すき間時間を利用して「2〜3時間だけ働きたい!」という働き手と、慢性的な人手不足が続いている販売現場をつなぐマッチングサービスMESHWell。これまでのアパレル業界にはなかった働き方で、昨秋ローンチされて着実に成果をあげていらっしゃいます。前編では代表の窪田光平さんと奥様の伊藤ゆりさんに事業が誕生した経緯を伺いました。後編ではMESHWellの接客で大事にしていることや、実際にお店に立っている伊藤さんのリアルなお話を聞いてまいりました。


前編はコチラ

店舗に買いに来られる方への接客には…… “共感”と“経験”で

編集部:手元でポチッと押せばなんでも買えてしまう時代に、わざわざお店に買いに行く。このお客様の潜在的なニーズはどのようにお考えでしょうか。

 

伊藤ゆりさん(以下、敬称略。伊藤): ECと店舗との違いは「自分では気づかない、新しい出会い」と考えています。私もアパレル販売のプロではないので、いつもタレントとしてはいる時は「一緒に探していく」と言うスタンスですから、必ずしも商品知識がマストではないのです。窪田は以前から「お客様が求めている接客とは”共感”と”経験”だ」と常々考えていました。そこに信念があったので、このMESHWellのスタイルが確立できたのです。

 

編集部:確かに、ネットで買っても共感してくれませんね。経験と言うのは?

 

伊藤:ママ達に子ども服を担当してもらうと、ものすごく力を発揮してくれます。出産祝いなど贈答用で買われる方って、実際に何が必要かあまりわからないで店頭に来られますよね。そういった時に例えば「みんなが使えるおくるみでしたらベビーカーの時に冷房よけにも使えますし、オムツ替えの時に下にも敷けるし、一枚あれば何かと便利ですよ」これらは商品知識ではなく、彼女たちの経験からくる情報ですよね。的確なアドバイスばかり!と人事の方々がいつも驚かれます。

 

窪田:その人それぞれの経験から伝え、情報だけでもその日持って帰ってもらえればそれでOK。その結果、購入につながれば良いだけのことですから。ここでも「自分ができることで誰かをハッピーにする」という、ボストンで刺激を受けたコミュニティの感覚を取り入れているのです

 

編集部:なるほど。だからこそ“タレント”という呼び名なのですね。

 

窪田:そうなのです!才能がある人、情熱がある人という意味で、販売員と呼ばずにタレントとしています。あと、自分自身で価値を決めて、自分で仕事を引き受ける。自己責任はしっかり持った上で助け合う、ここにも海外での影響が価値観としてあります。さらに売り上げが取れればもっと自分の価値を上げられるので、自分のスキルと経験を生かしながら自己実現につなげて行ってもらいたいです。

 

伊藤:接客業の人は”主体的”にお客様に何かを届けたい、という方がほとんどです。タレントさんの声としても「自分も楽しかった」「リフレッシュできた」と言うのがほとんど。例えば、子育て中で自分の時間は月に1〜2回だけしか取れないけど、働くことで少し心に余裕が作れますよね。自分が認められるから、相手を認められる。子育てにも良いエネルギーにもなります。

 

編集部:それに、一度長くブランクを空けてしまうと、復帰するのにハードルが上がってしまいますよね。

 

伊藤:そうなのです。今は無理でも「そろそろ(正社員)いけそうだな」って思えた時に就職すれば良いので、キャリアを続けるためにも上手にMESHWellを利用してもらえればと。

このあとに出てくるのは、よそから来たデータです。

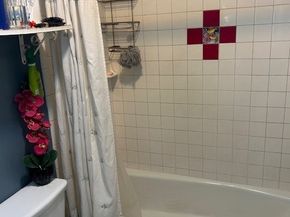 436 W 111th Street, Los Angeles CA 90061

売り上げを立てるよりも、自分のできることで接客を楽しむこと!

編集部:実際にゆりさんはお店に立たれていますが、初めてのお店でいきなり店頭に立つのって、正直わからないことだらけで…… 緊張しませんか?

 

伊藤:お店としても忙しい時間帯やスタッフが手薄な時にオファーがあるので、まずは一人でも多くのお客様に「こんにちは」「いらっしゃいませ」を伝えるところからはじめています。もちろん、初めてのお店だとできないことやわからないことはたくさんあります。ただ、お店の方はそれを理解してMESHWellを利用してくださっているので、そこはスタッフに尋ねるなり頼るなりします。そのことを「申し訳ない」「できない」とマイナスに捉えないで。もし私がいなければそのお客さんは対応できなかったわけですから、とにかくお客様との時間を楽しむようにしています。最初の10分ぐらいですかね、緊張しているのは。

 

編集部:接客する側も楽しむことが大切なのですね! そう聞くと、なんだか楽しそうですし、自分でもできそうな気がして来ました(笑) 実際に登録される方はどんな方でしょうか?

 

窪田:やはり女性のアパレル経験のある方が多いですが未経験の方もいらっしゃいます。主婦の方はもちろん、子育て中だったり、今は違う仕事に転職していたり、妊活をするのに立ち仕事を減らしていたり、Wワークの方も多くいらっしゃいます。

 

伊藤:私も含めて、アパレルの未経験で活躍している方も多いです。誰かのために役に立ちたい、という思いのもとお仕事されてきた方には、ぜひチャレンジしてほしいです。自分のスキルと経験を正しく評価してもらい、さらに売り上げが取れればもっと報酬もあげていけるので、自己実現につなげて言ってもらいたいです。

 

編集部:ちなみに、業務時間は何時間ぐらいが多いですか?

 

窪田:平均は3時間40分です。登録すれば自分のアカウントに業務日時と場所、報酬をトピックと呼ぶカードに記載して登録するのですが、2~4時間の設定がほとんどです。お店側からのニーズが高い時間帯は、スタッフが休憩時間に入る平日の11時〜14時と、お仕事帰り平日の夕方17時以降、あとは週末ですね。

 

編集部:1日8時間店頭に立っているより、そのぐらい短期決戦の方が結果も出やすいでしょうね。

 

窪田:そうなのです。ただ、僕らは「結果を出してくださいね」とは絶対に言いませんが、本人達が「自分だったらどういう接客をされたいか」ということを考えて接客されているので、自ずとついてきます。実際、タレントは店舗スタッフより計算上3割ほど販売効率が高いという実証データも取れています。

 

編集部:高いですね! それにしても、自分で値段をつけるのって難しくないですか?

 

窪田:最初は参考データをお渡ししていますが、みなさんすぐに報酬を上げていかれます。と言うのも、販売が成約した時に売り上げデータを取っているのですが、売り上げがどんどん立ってきたら、報酬を上げていいとアドバイスしています。現在、報酬が高い方で時給換算3500円、平均でも2200円ぐらいになっていますね。

 

編集部:マッチング後はどのような評価を?

 

窪田:はい。他のタレントさんやお店にオススメしたいかどうか、と言う判断でお互いが10段階評価します。売り上げだけで決まる評価でないので、売り上げが立たなかったとしても、評価の高い方もいますよ。気に入ってもらえると、同じお店からリピートもありますし、自分から直接お店にオファーすることもできます。

 

編集部:なるほど。ちなみにマッチング率はどのくらいですか?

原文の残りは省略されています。